8. Made of 1Cr18Ni9Ti stainless steel structure (turbine uses 2Cr13) with good corrosion resistance;

9. Easy to maintain with a self-rectifying structure; small and lightweight with a simple design that allows for quick assembly and disassembly; internal cleaning is straightforward;

10. Strong anti-magnetic interference and shock resistance; reliable performance with long service life;

11. Low lower limit flow rate with a wide measurement range;

Main Technical Parameters

1. Standard: GB/T 18940-2003 'Measurement of Gas Flow in Closed Pipelines - Turbine Flowmeter'
2. Accuracy Level

Level 1.0: Qmax-0.2max ±1.0% 0.2max-Qmin ±2.0%

Level 1.5: Qmax-0.2max ±1.5% 0.2max-Qmin ±3.0%

3. Nominal Diameter: 25mm～300mm;

4. Measured Medium: Natural gas, coal gas, air, etc.;

5. Ambient Temperature: -20℃～+50℃;

6. Measured Medium Temperature: -20℃～+80℃;

7. Nominal Pressure: 1.6MPa, 2.5MPa, 4.0MPa;

8. Explosion-proof Mark: ExibⅡBT4 ExdⅡBT6;

9. Output Signal: Voltage pulse, 4～20mA;

10. Communication Interface: Optional RS-485 communication interface;

11. Power Supply: Sensor: +5V～+24VDC (external); Transmitter: +24VDC (external), Flowmeter: 3.0V lithium battery (built-in).

Instrument Selection

1. Selection Parameter Table

2. Flowmeter selection

2.1. Scope of use

a. The required flow range should be less than the selection parameter table, and there are strict requirements for starting flow;

b. There should be no short intervals and large fluctuations in fluid media;

c. Suitable for natural gas, city gas, compressed air, nitrogen, etc.

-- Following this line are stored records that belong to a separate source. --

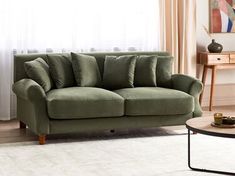 a living room scene with focus on the sofa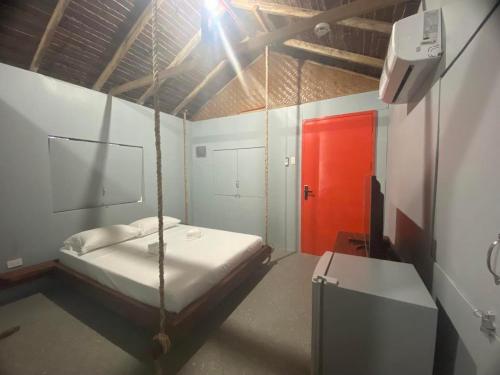 1 dormitorio con 1 cama y puerta roja en The Bangka Beach Guesthouse en Siquijor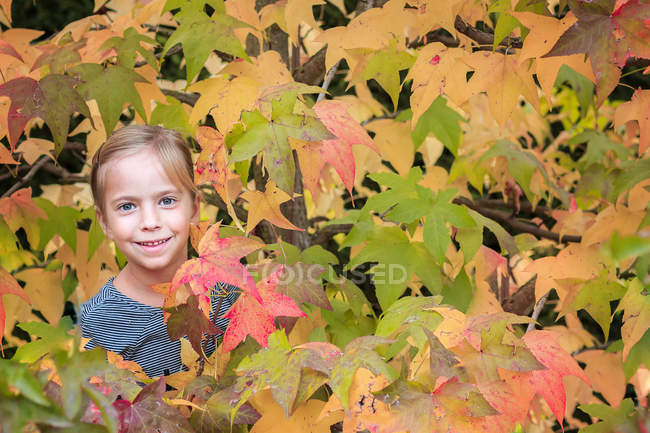 Sonriente chica de pie entre las hojas de otoño - foto de stock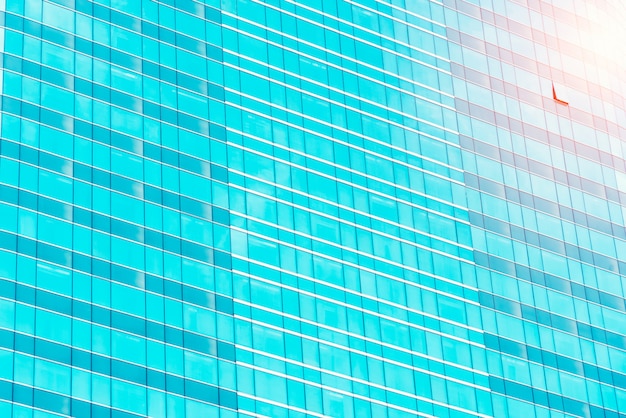 High glass modern building with blue sky and cloud at daylight for abstract background.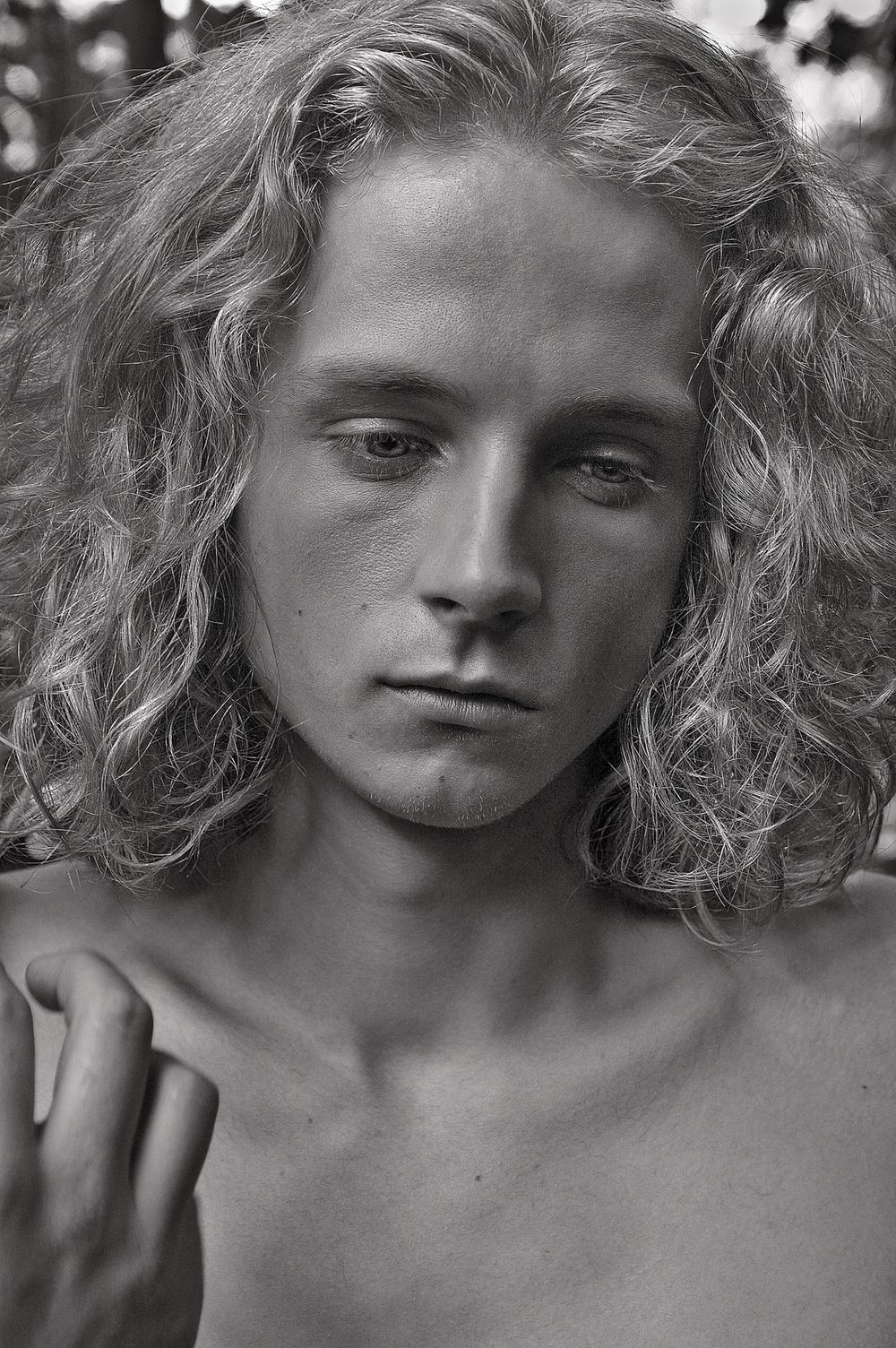 Black and white portrait of a young man with long curly hair, shirtless, gazing intensely at the camera outdoors.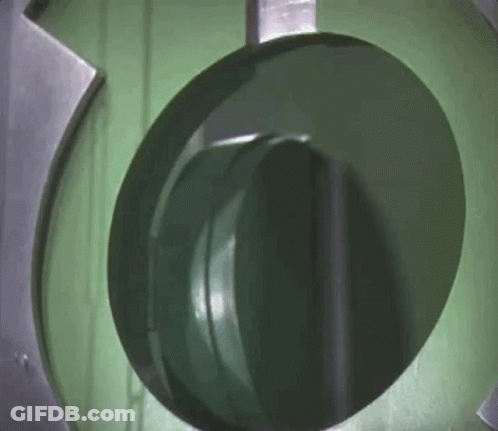 A Close Up Of A Green Circle In A Machine GIF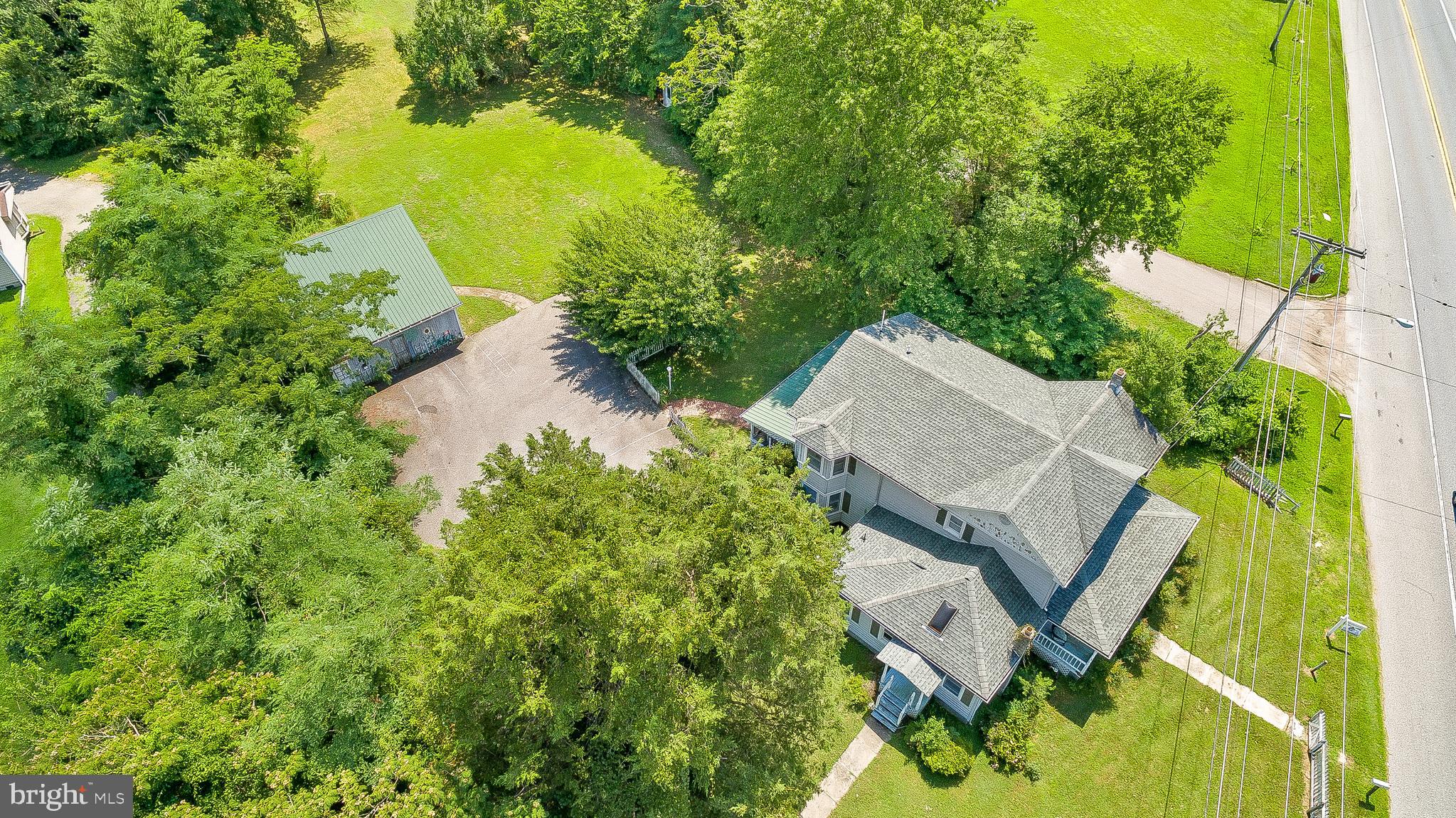 2440 Hallowing Point Road Prince Frederick, MD 20678 - Photo 3 of 51 an aerial view of a house with a yard basket ball court and outdoor seating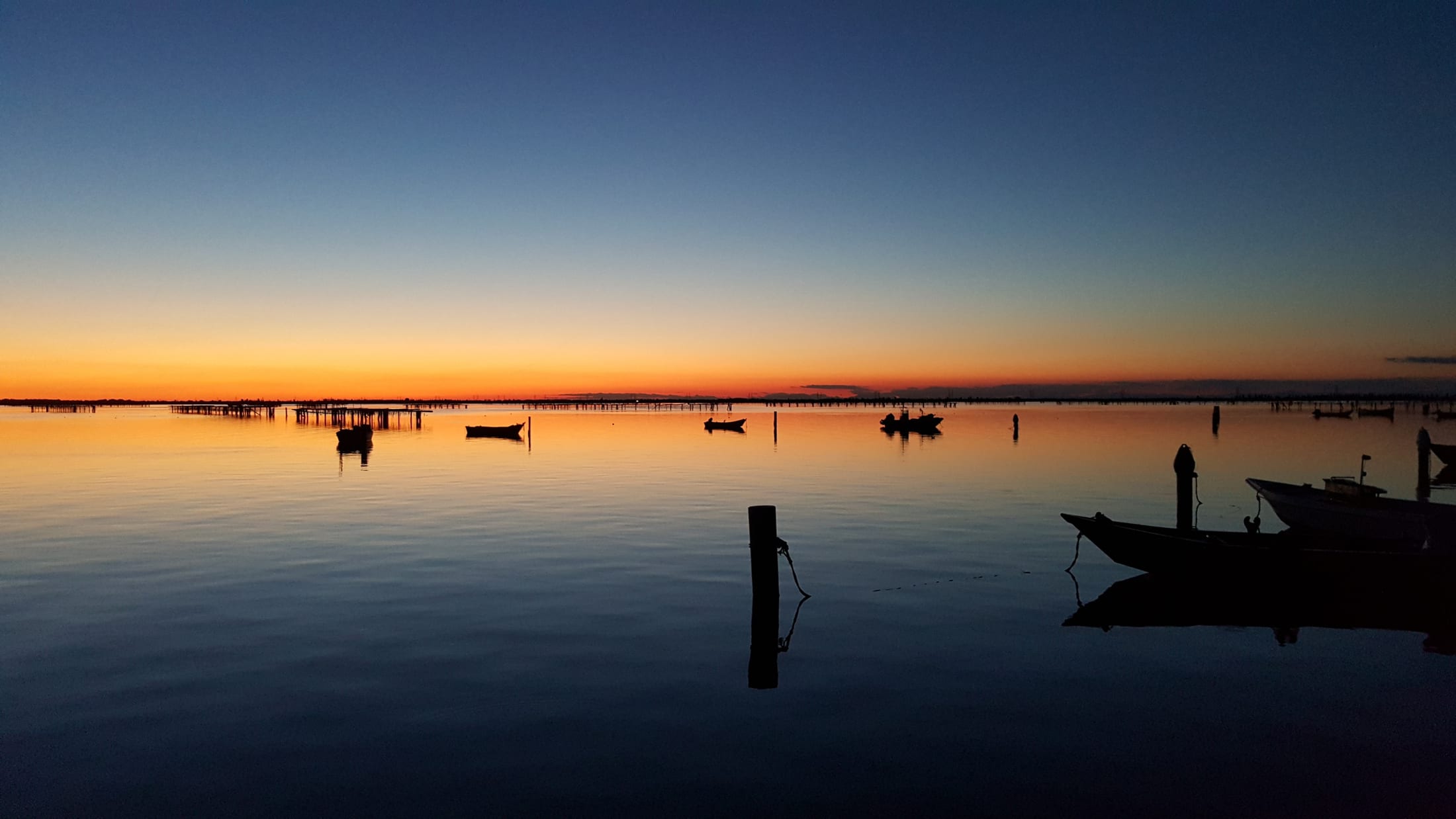 L'ora blu sulla laguna del Delta, con le barche all'ormeggio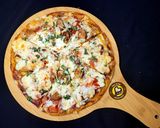 A picture of step 11 of Cheese Burst Veggies And Chicken Pizza From Scratch.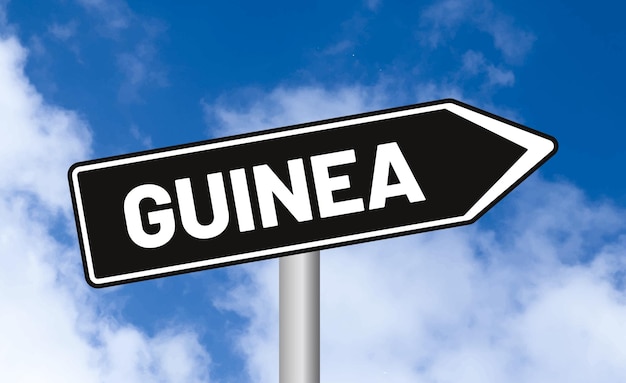 青い空の背景にあるギニアの道路標識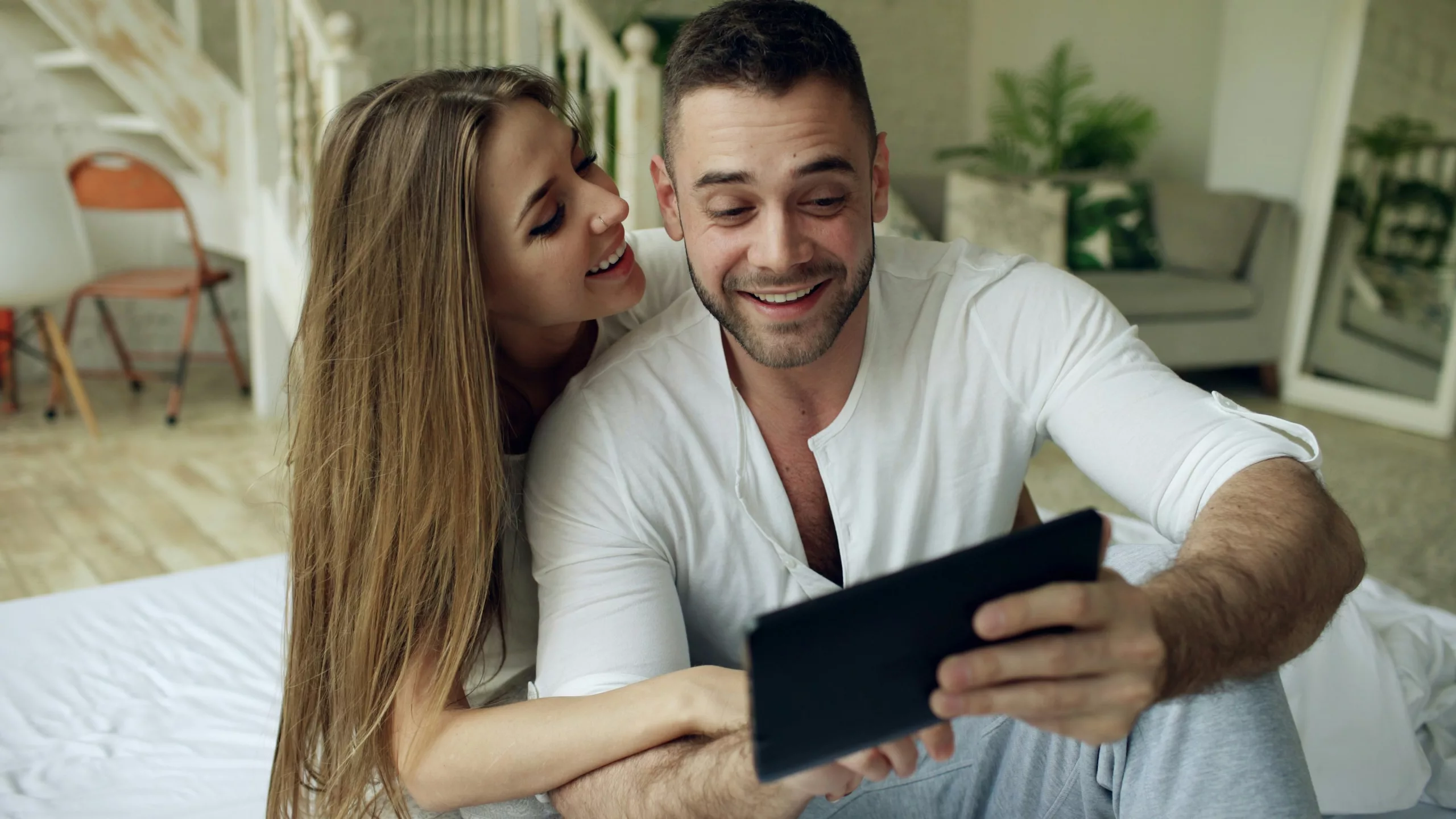 Jeune couple heureux examinant un tableau de bord de revenus locatifs sur une tablette.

2.2. Determination of specifications

Users should estimate the maximum and minimum volumetric flow of the pipeline based on the gas transmission volume, possible temperature and pressure ranges of the medium, and correctly select the flowmeter specifications. When both sizes of flowmeters can cover the minimum and maximum volumetric flow, a smaller diameter should be selected within allowable pressure loss. Calculate the flow range under working conditions based on the flow range and medium pressure under standard conditions.